Yang et al. adopted k-anonymity for bid privacy preservation and proposed three auction-based incentive location privacy protection mechanisms [74]. The first solution is applicable to the scenario where all DCs have the same privacy requirements; the second one is proposed to deal with different privacy requirements in the real world; the last one is suitable for the case where a DP can cheat on both their valuations and degree requirement. All these schemes adopt single round sealed-bid double auction with the assumption of a fully trusted central authority, which improves accountability but harms availability since this kind of party may be available in many scenarios. The authors employed k-anonymity technique for anonymity and unlinkability. In terms of efficiency, the scheme is efficient in computation but suffers from high communication overhead.

Dimitriou and Krontiris proposed a privacy-respecting multi-attribute reverse auction scheme [13] and replaced SP with an auction infrastructure. The scheme consists of an auction phase and a rewarding phase. The auction stage aims to select a group of winners (DPs) for task execution according to their utility score when protecting identity privacy. In the rewarding phase, the authors present an e-cash scheme and a decentralized token-based scheme with identity privacy preservation. Pseudonym is employed to ensure anonymity-time pseudonymous ID and ephemeral public key cooperatively ensures unlinkability. However, the authors paid little attention to achieving accountability. Although these schemes utilize encryption to protect data content, the misbehavior of SP may harm data integrity. The authors designed a hash-based mechanism to keep bid value secret, which can protect bid privacy meanwhile keep low computation communication cost.

  1. c)

    Privacy protection in currency-based incentive (Cu)

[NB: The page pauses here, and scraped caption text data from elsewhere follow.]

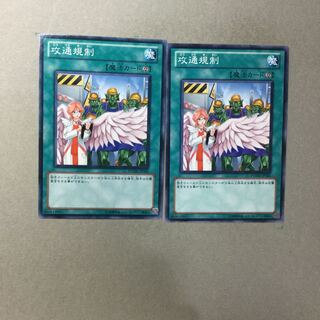 攻通規制　２枚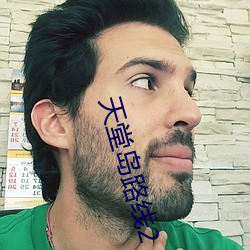 天堂岛路线2 （不可捉摸）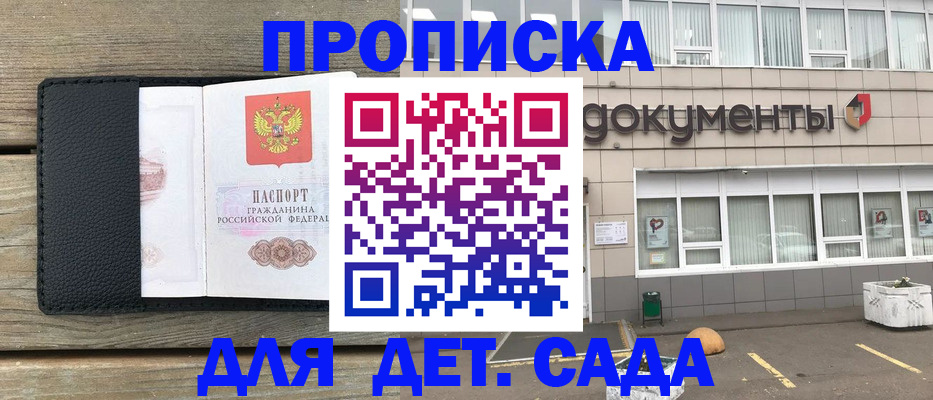 временная прописка в Петропавловске-Камчатском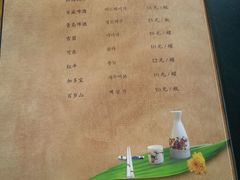 -汤森悠生活文化汤(江宁万达店)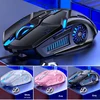 G5 Wired Gaming Mouse Colorful Backlight 6 Button Silent Mouse 4-Speed 3200 DPI RGB Gaming Mouse  For Computer Laptop Mice ► Photo 1/6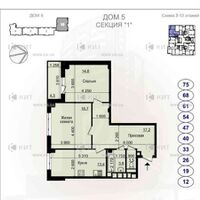 Продажа квартиры Харьков, Новые дома, 68.6м²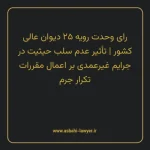 رای وحدت رویه ۲۵ مورخ ۱۳۵۵/۱۱/۲۰ هیات عمومی دیوان عالی کشور | تأثیر عدم سلب حیثیت در جرایم غیرعمدی بر اعمال مقررات تکرار جرم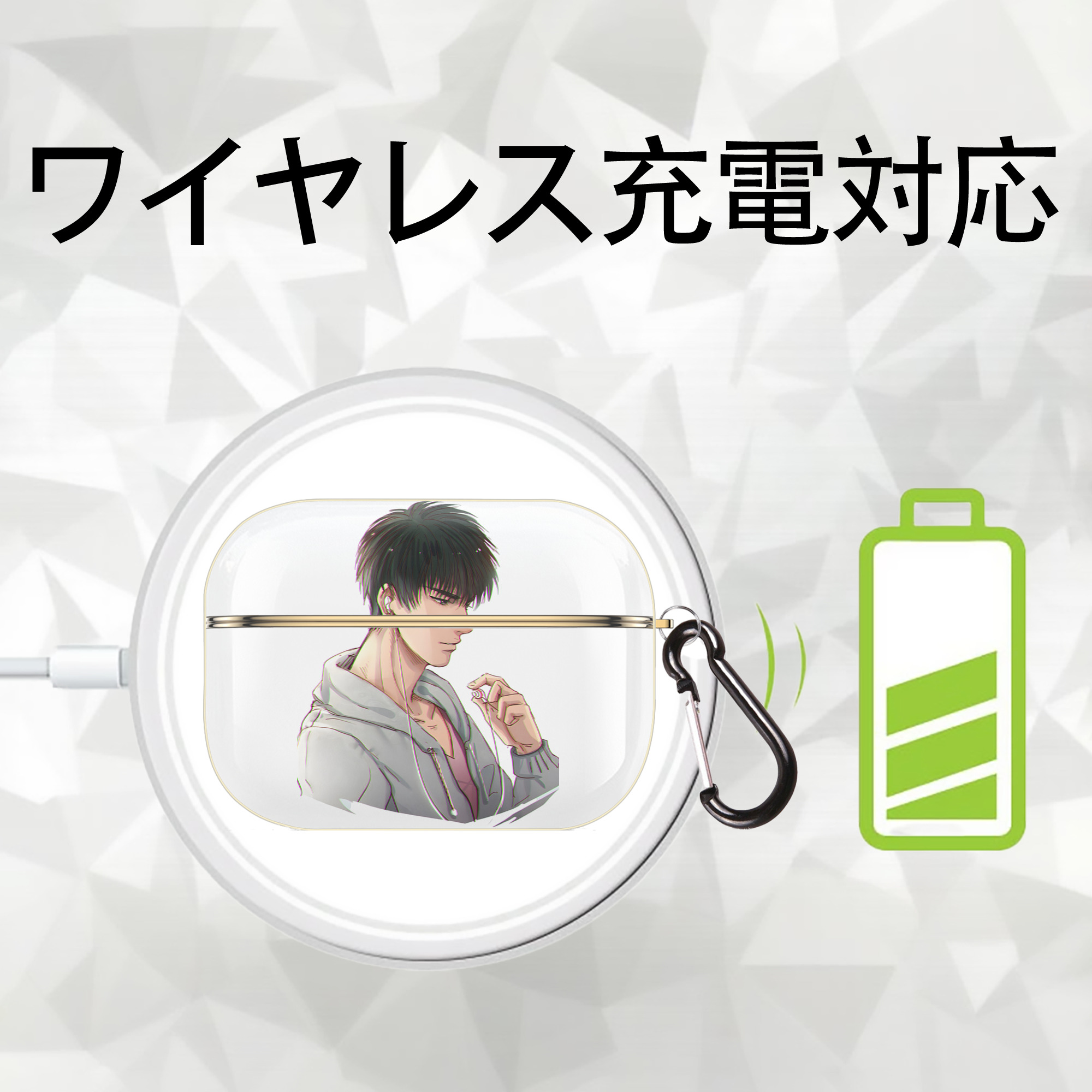 SLAM DUNK／スラムダンク 【AirPods Pro用】ハードシェル保護ケース｜耐衝撃・防指紋・カラビナ付き商品仕様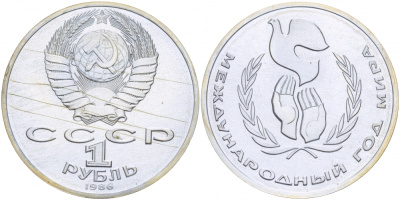СССР 1 рубль 1986 Международный год мира, стародел KM 201.3 медно-никель PROOF 413-2545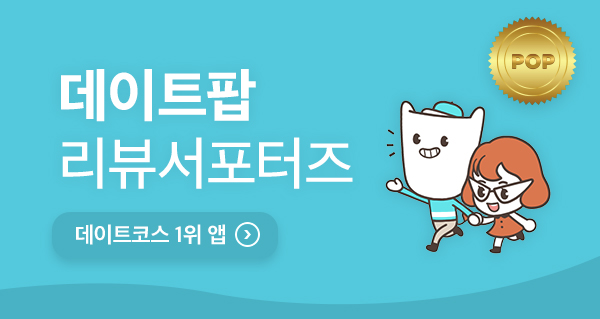 와이테일 이미지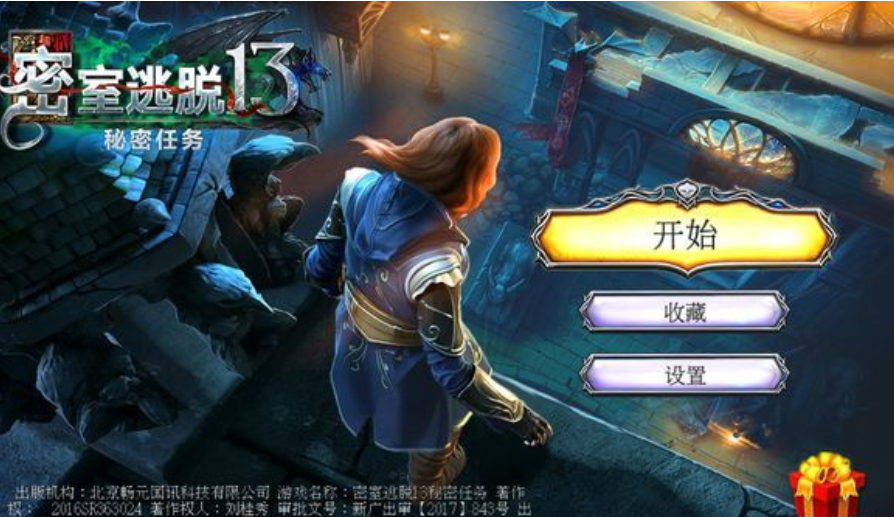 密室逃脱13秘密任务《恐怖传奇3》全关卡通关图文攻略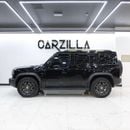 Jetour T2 Luxury Jetour T2 2025 | Under Warranty | Perfect Condition | GCC Specs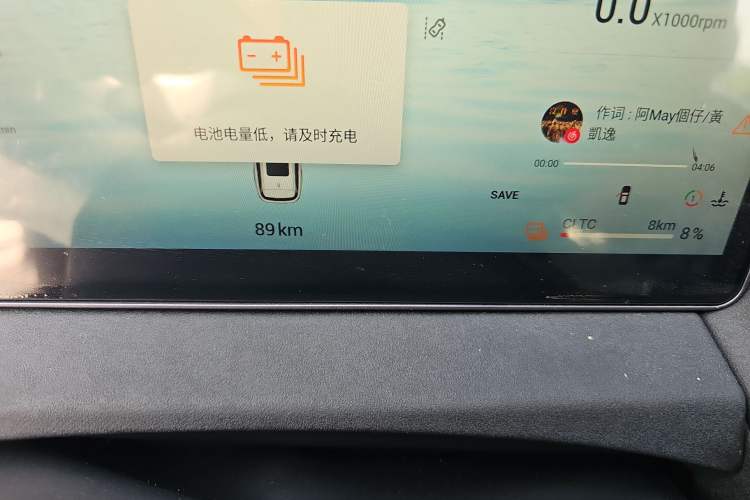 Used JETOUR Shanhai L9 2024 1.5TD 2DHT Pro 5-Seater Odometer Close Up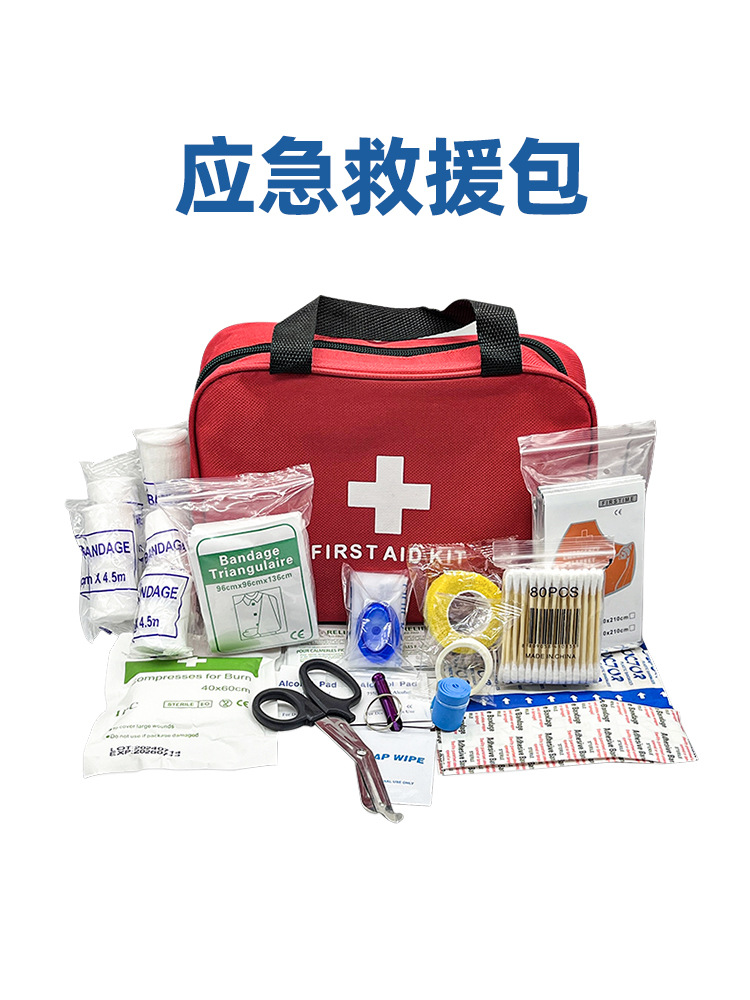 Kit de primeros auxilios portátil al aire libre al por mayor paquete de rescate de emergencia doméstico conjunto completo de paquete de emergencia en el vehículo de campamento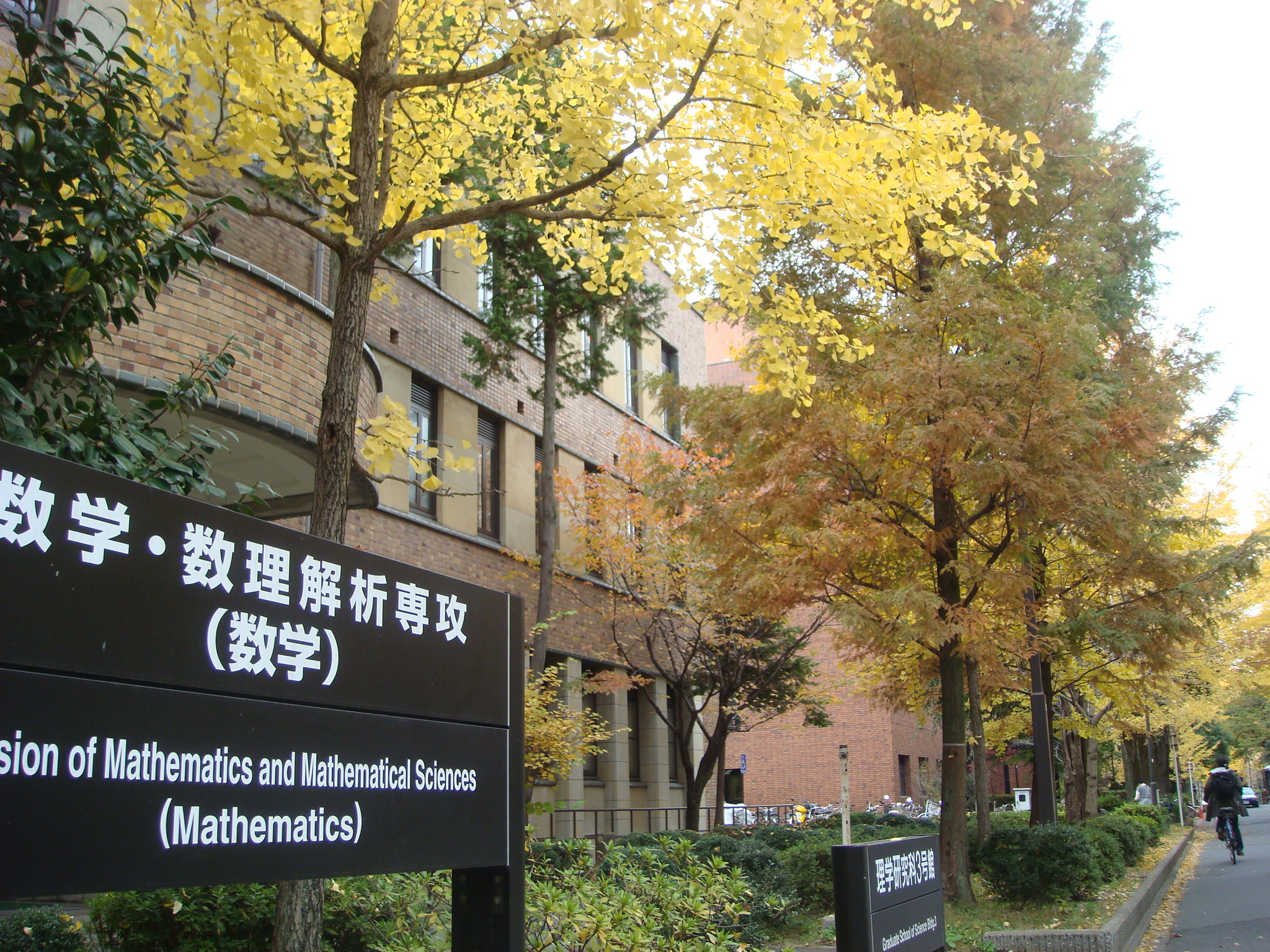 Math.Dept.Bldg.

An alternatively attractive solution to the incentive problem is introducing currency to effectively motivate DPs to engage in the MCS system. However, it could also introduce more misbehaviors for benefits and increases the risk of bid privacy leakage. Some scholars have concentrated on these problems and we will present a systematic survey on these solutions in this subsection.

Niu et al. proposed an E-cent based privacy preserving incentive mechanism [57]. To restrict malicious behavior from DPs, SP will punish or reward them according to the accuracy of their reported data. To maximize the sensing quality with a constrained incentive budget, the authors presented a dynamic reward allocation scheme. Mix-zone and encryption are adopted to protect identity privacy. Meanwhile, the mechanism of dispute arbitration is used to defend against unfair income from greedy or malicious DPs. Both the communication overhead and computation overhead of this scheme are low.

Zhang et al. [79] took DCs into consideration to achieve incentive and privacy. They adapted virtual currency/money to incentive high-quality task execution and proposed two privacy preserving incentive schemes. The main idea is to ensure identity privacy with encryption technique, cash break technique and blind signature. The authors aimed to protect data linkage privacy, work linkage privacy, and transaction linkage privacy of DPs. Identity privacy of the DP is protected in both two schemes, i.e., they achieve anonymity as well as unlinkability. Accountability holds because of the Schnorr scheme. However, in the two schemes, data reports are uploaded in the plaintext. Thus, the authors fail to support confidentiality. Besides, the two schemes suffer from high computation and communication efficiency.

Ni et al. proposed a similar work [56] to address privacy and incentive problem when taking DC into consideration. In detail, they presented one reward sharing based incentive mechanism based and protected identity privacy by randomization techniques. They adapted a coin-based incentive strategy and introduced a trusted authority and a bank in the system. Identity privacy from both DP and DC is protected. Thus, the proposed scheme supports both anonymity and unlinkability. Moreover, accountability is ensured by the Schnorr scheme. However, both the task content and sensing data face disclosure risks. Additionally, neither data availability nor data integrity holds in the scheme. Although communication cost is quite low, the scheme fails to achieve computation efficiency because of the involvement of many bilinear pairing operations.

  1. d)

    Privacy protection in reputation-based incentive (Re)

The key intuition behind the reputation based incentive is to associate a reputation score with a device. Here, we adopt the concept of reputation as depicted in [67]. The reputation of a DP is “the synthesized probability that the past sensing reports sent by the node are correct, as perceived by the server”.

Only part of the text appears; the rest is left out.